To me, the main insight in the paper is that the norm of the initial weights matter, and not just weight decay/other forms of regularization! IE, while people have plotted weight norm as a function of training time for grokking/nongrokking networks, people have not, afaik, plotted initial weight norm vs grokking. I had originally thought that overfitting would just happen, since memorization was "easier" in some sense for SGD to find in general. So it's a big update for me that the initial weight norm matters so much.

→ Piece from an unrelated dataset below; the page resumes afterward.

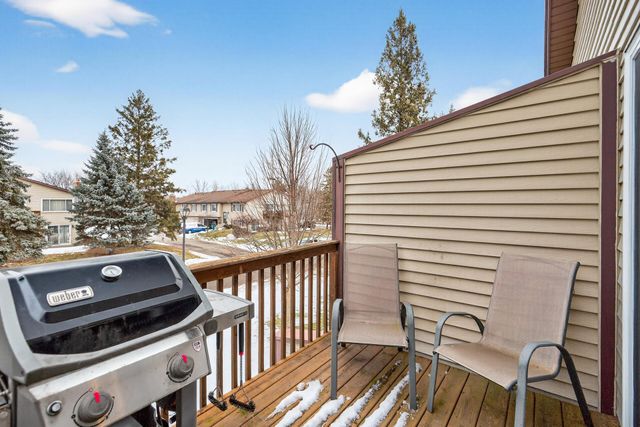 10381 Balsam Lane, Eden Prairie, MN 55347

I don't think grokking per se is particularly important, except insofar as neat puzzles about neural networks are helpful for understanding neural networks. As both this paper and Neel/Lieberum's grokking post argue, grokking happens when there's limited data that's trained for a long time, which causes SGD to initially favor memorization, and some form of regularization, which causes the network to eventually get to a generalizing solution. (Assuming large enough initializations.) But in practice, large foundation models are not trained for tens of thousands of epochs on tiny datasets, but instead a single digit number of epochs on a large dataset (generally 1). Also, if the results from this paper (where you need progressively larger weight initializations to get grokking with larger models/larger datasets, then it seems unlikely that any large model is in the grokking regime).
So I think there's something else going on behind the rapid capability gains we see in other networks as we scale the amount of training data/train steps/network parameters. And I don't expect that further constraining the weight norm will speed up generalization on current large models.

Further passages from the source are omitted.